WEST – Spring has officially arrived, and as the cold land of New England thaws, “new life is emerging and the activity around us is charged with renewed energy,” said artist Lois Lawrence, a member of the Publicity Committee of the Artists’ Cooperative Gallery of Westerly in a statement. “It’s all part of the rhythm of life.
Gallery members will be sharing their art and rhythm over the busy month ahead, starting with their April exhibition, “Art, Movement and Rhythm.” The show, which kicks off with an opening reception on Friday, features the work of member artists Rosemary “Posy” Webber and Patricia Cheyne.
Webber, Lawrence said, is an award-winning artist whose work has appeared in national magazines and exhibited in galleries across the Northeast. A graduate of St. Lawrence University, she studied art at Parsons School of Design, Silvermine School of Art, New York Studio School and Lyme Academy of Fine Arts.
Webber, who works with oils and watercolors, was originally an illustrator, said Lawrence, who is greatly influenced by “seasonal changes in New England.”
Webber believes that “good painting requires careful observation and persistent practice”, while “good art also needs personality, harmony and a certain boldness”, Lawrence added.
“The bold and carefully planned brushstrokes in his alla prima (also known as wet-on-wet) paintings of floral and other subjects speak to this ethos,” Lawrence added.
Cheyne, Lawrence explained, “is an explorer of art forms and the gifts that practical art forms offer…to both the artist and the viewer”.

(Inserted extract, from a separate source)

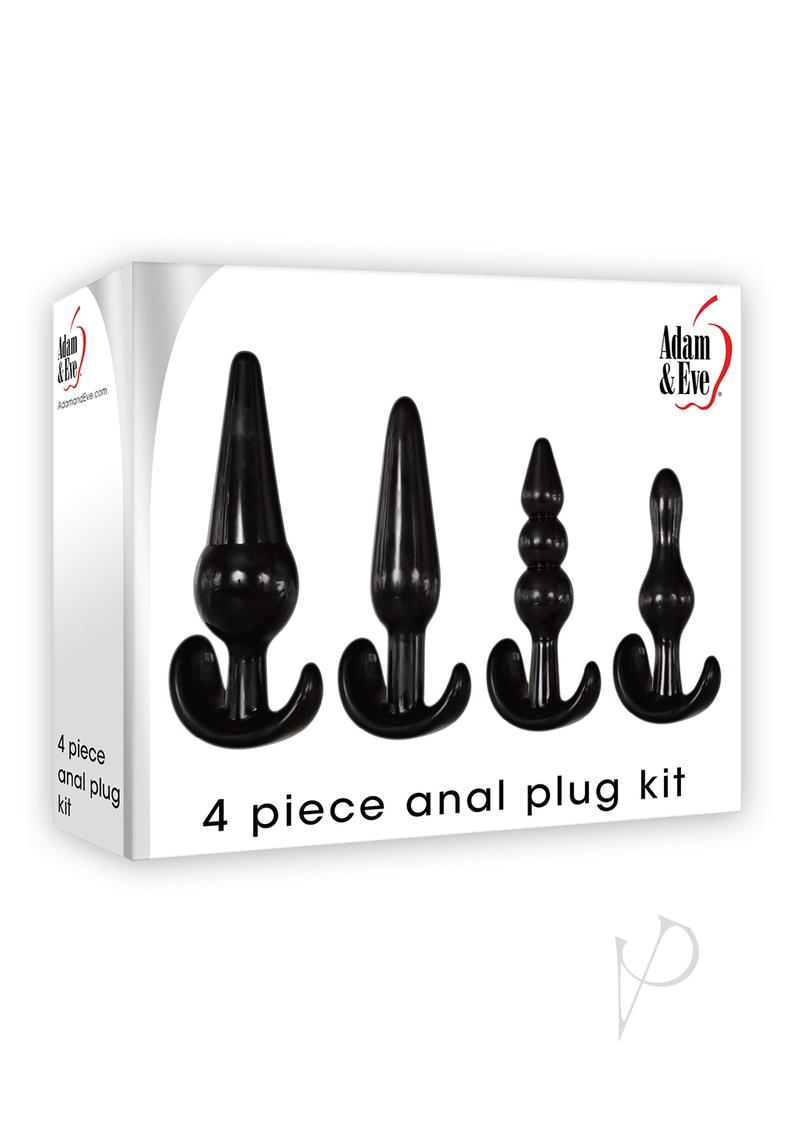 Anal Plug Set 4pc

Cheyne said her art, too, is influenced by “the forests, shores and valleys of New England” where she grew up.
“She views much of her work as landscape,” Lawrence said, “but is drawn less to panning and more to immediate, close range.”
Recently, Cheyne has been working on a fiber art form known as “slow stitching,” which combines a meditative aspect to her work, Lawrence said.
Throughout her career, Cheyne has experimented with, created and taught printmaking, fiber art and papermaking workshops and has given workshops at the gallery, including one – “Artists’ Books” – planned for April 19 and 26. (Another class, “Mark Making and Collage,” will be offered by Christine Reilly on April 11-12.)
The gallery’s 50 or so members are celebrating “30 years of sharing art, crafts and creative processes,” Lawrence said, as well as “our shared freedom to come together in person.”
They are also preparing for the Regional Juried Show, which will take place in May, Lawrence added, when gallery members, artists and artisans from across New England will present works selected by juror Michael Rose, who is currently general manager of the prestigious Providence Artistic Club. Entrants will be charged a modest jury fee and selected works will be eligible for cash prizes totaling over $4,000 in a number of diverse categories.
A prospectus is available on the Museum’s website at www.westerlyarts.com.